**YOUR ASSIGNMENT:**
In the listing below, locate the line with "10120CE/W biały downlight" and the line with "AUTOFREN SEINSA D42542", then output both and everything between them exactly, minus any pictures.

[[ INPUT RECORDS open ]]

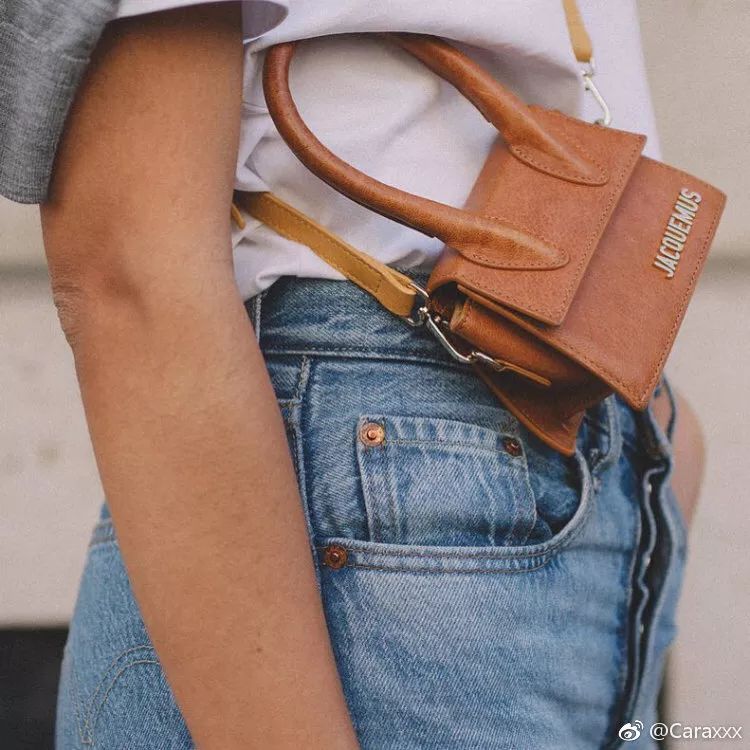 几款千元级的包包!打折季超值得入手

[[ INPUT RECORDS closed ]]
[[ INPUT RECORDS open ]]

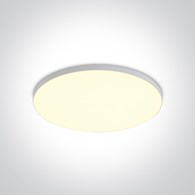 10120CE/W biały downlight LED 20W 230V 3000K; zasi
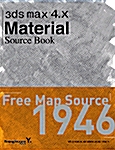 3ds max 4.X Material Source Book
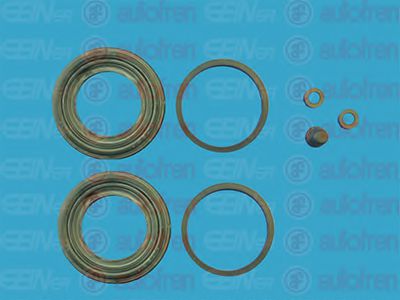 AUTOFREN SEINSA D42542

[[ INPUT RECORDS closed ]]

**FINAL ANSWER:**
 10120CE/W biały downlight LED 20W 230V 3000K; zasi
 3ds max 4.X Material Source Book
 AUTOFREN SEINSA D42542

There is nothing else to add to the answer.